◆ DATA UNDER STUDY:
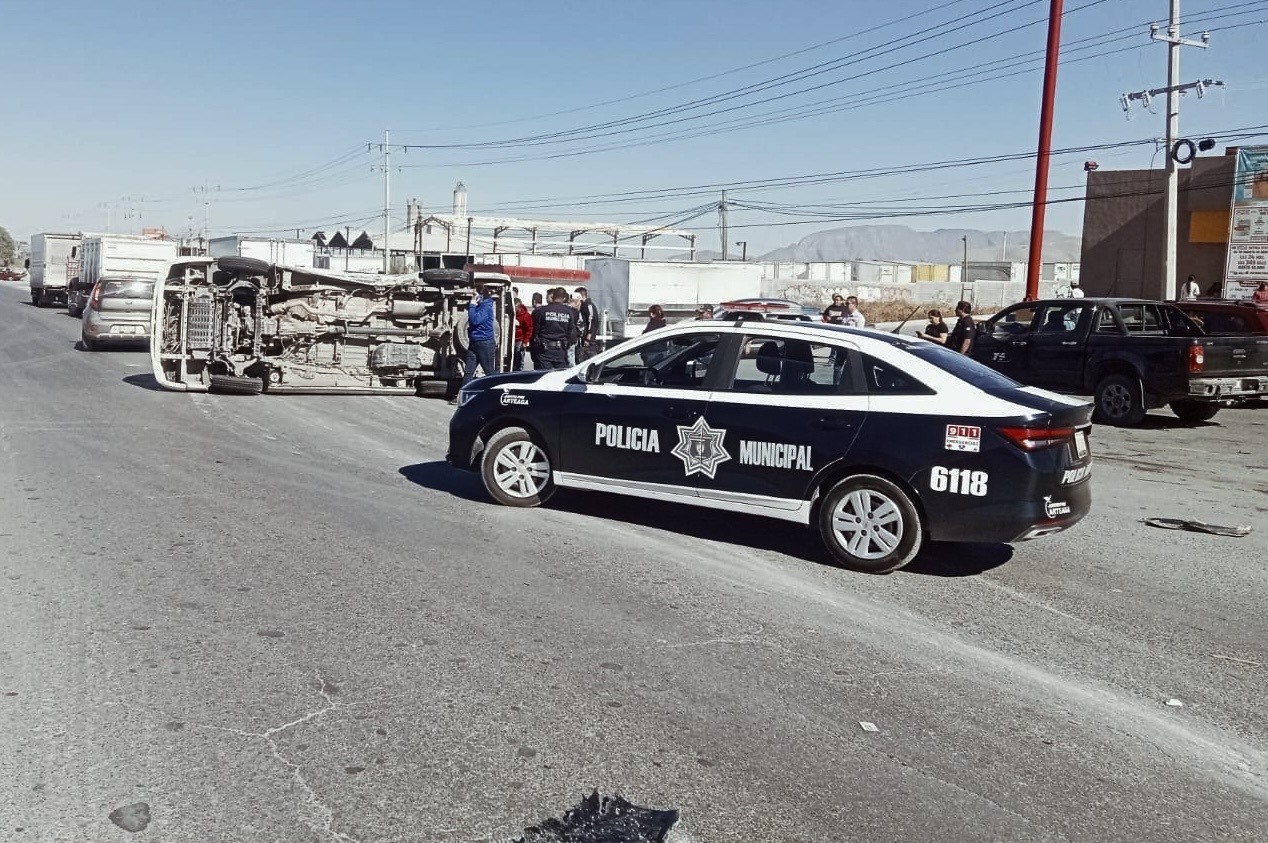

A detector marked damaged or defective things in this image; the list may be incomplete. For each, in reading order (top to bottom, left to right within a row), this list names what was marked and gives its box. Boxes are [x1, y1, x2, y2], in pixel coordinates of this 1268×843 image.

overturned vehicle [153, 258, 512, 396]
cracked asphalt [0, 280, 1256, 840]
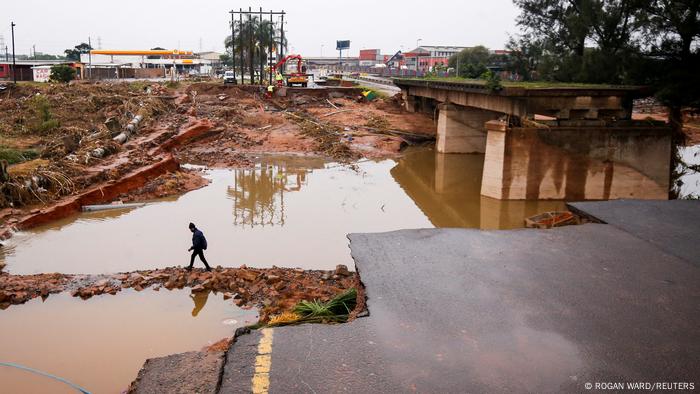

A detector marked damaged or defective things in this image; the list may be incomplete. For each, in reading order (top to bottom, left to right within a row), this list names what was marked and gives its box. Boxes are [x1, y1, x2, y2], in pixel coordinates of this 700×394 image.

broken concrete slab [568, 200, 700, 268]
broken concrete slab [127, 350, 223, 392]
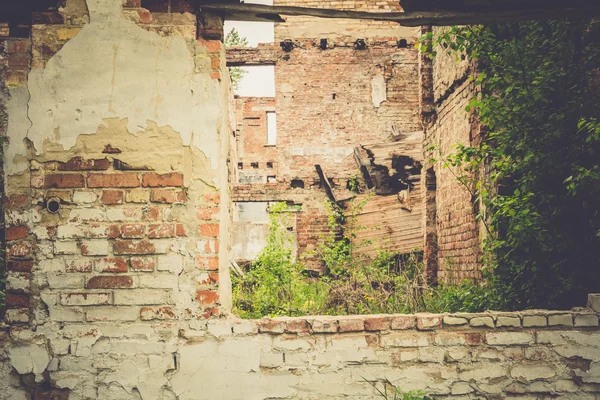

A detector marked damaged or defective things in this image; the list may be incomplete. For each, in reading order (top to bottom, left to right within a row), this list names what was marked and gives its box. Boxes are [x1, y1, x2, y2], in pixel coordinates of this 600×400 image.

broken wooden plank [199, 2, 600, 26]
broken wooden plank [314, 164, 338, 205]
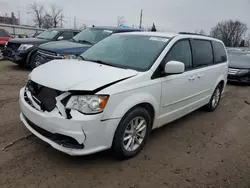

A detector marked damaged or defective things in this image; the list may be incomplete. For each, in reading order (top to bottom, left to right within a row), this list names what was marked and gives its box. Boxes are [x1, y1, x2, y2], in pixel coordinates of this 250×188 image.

◆ INSTRUCTIONS TO FOLLOW:
Copy out exactly the lines between the line containing "this 600×400 image." and the end of the entries, including both, and leave the pictures behind.

◆ RESULT:
A detector marked damaged or defective things in this image; the list may be incomplete. For each, in reading order (top to bottom, left to right within a row), this list names what was marked and gives its box. Boxes are [x1, y1, x2, y2], in pixel coordinates of this 600×400 image.

broken wooden plank [199, 2, 600, 26]
broken wooden plank [314, 164, 338, 205]

A detector marked damaged or defective things in this image; the list may be incomplete. For each, in reading order (top to bottom, left to right within a row), this list names what was marked and gives its box. Boxes are [x1, y1, x2, y2], in pixel coordinates of this 250×188 image.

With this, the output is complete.